**WHAT YOU NEED TO DO**:
Below are entries to reproduce exactly, apart from their pictures.

··· MATERIAL PROVIDED

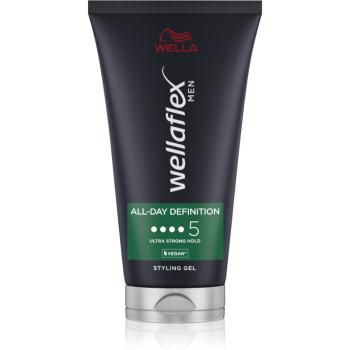 Wella Wellaflex Men gel na vlasy s extra silnou fixací 150 ml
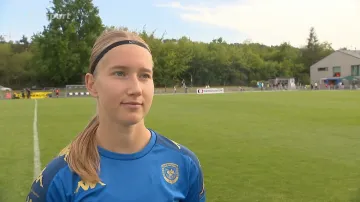 Ohlasy Moniky Hlaváčové a Jaroslava Dittricha po utkání FC Praha – Lokomotiva Brno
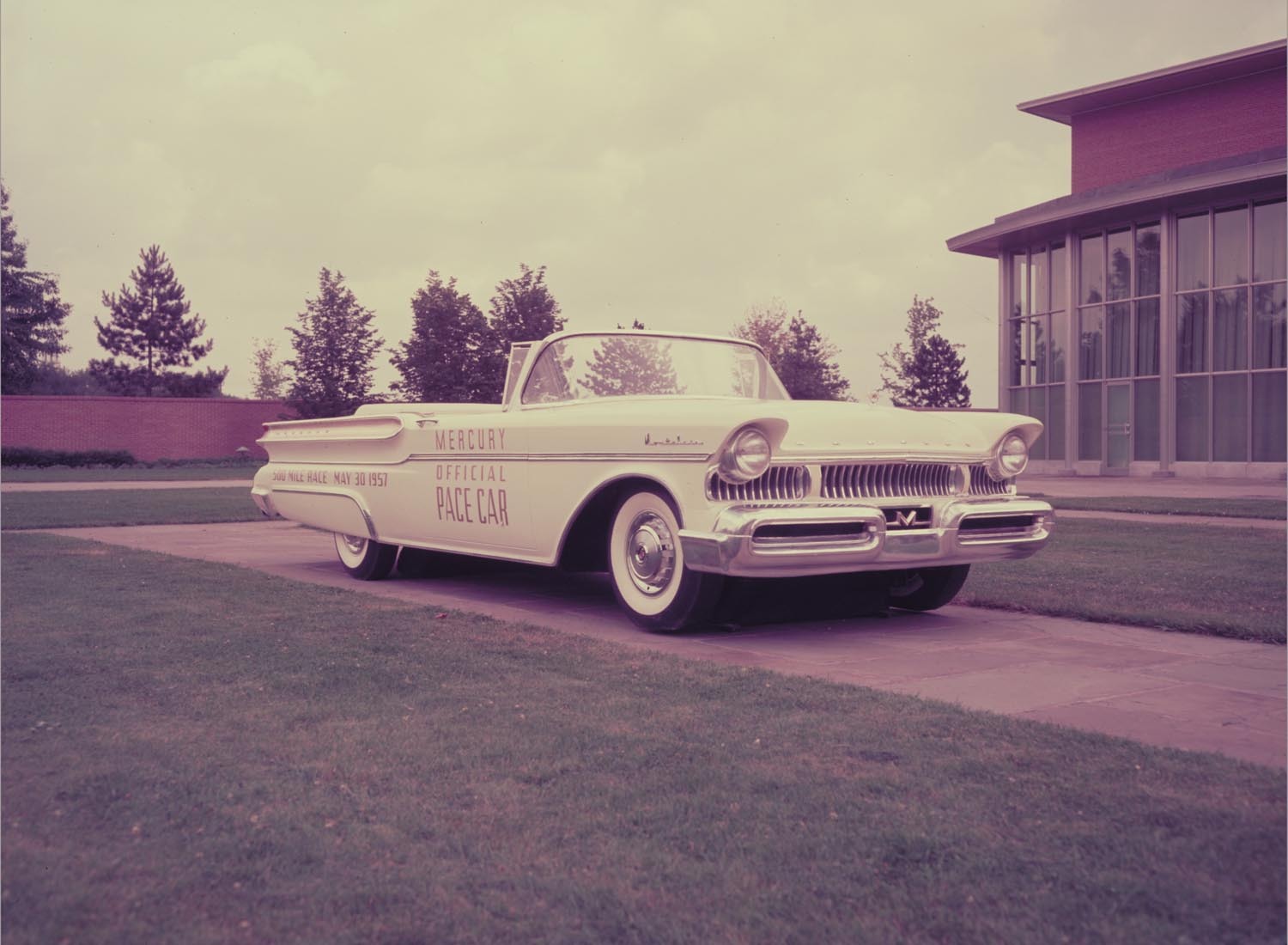 1957 Mercury Indianapolis Pace Car  0401-1905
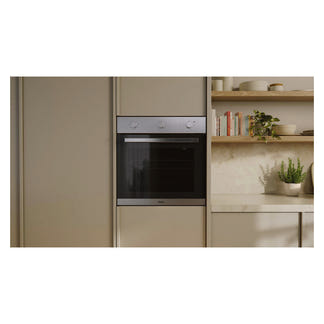 Haier 60cm Built-In Oven with 7 Functions - Stainless Steel (300 Series)
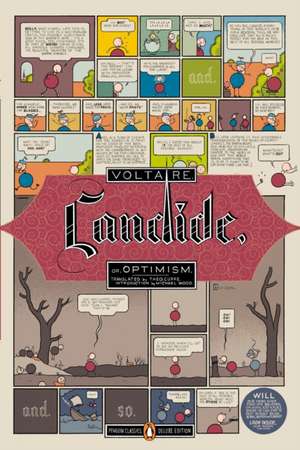 Voltaire, F: Candide,
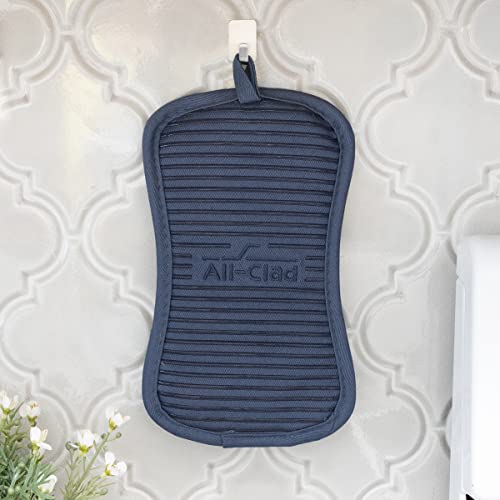 Premium Pot Holder & Hot Pad (Indigo / 2 Pack)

······

**COMPLETED EXERCISE**:
 Wella Wellaflex Men gel na vlasy s extra silnou fixací 150 ml
 Ohlasy Moniky Hlaváčové a Jaroslava Dittricha po utkání FC Praha – Lokomotiva Brno
 1957 Mercury Indianapolis Pace Car  0401-1905
 Haier 60cm Built-In Oven with 7 Functions - Stainless Steel (300 Series)
 Voltaire, F: Candide,
 Premium Pot Holder & Hot Pad (Indigo / 2 Pack)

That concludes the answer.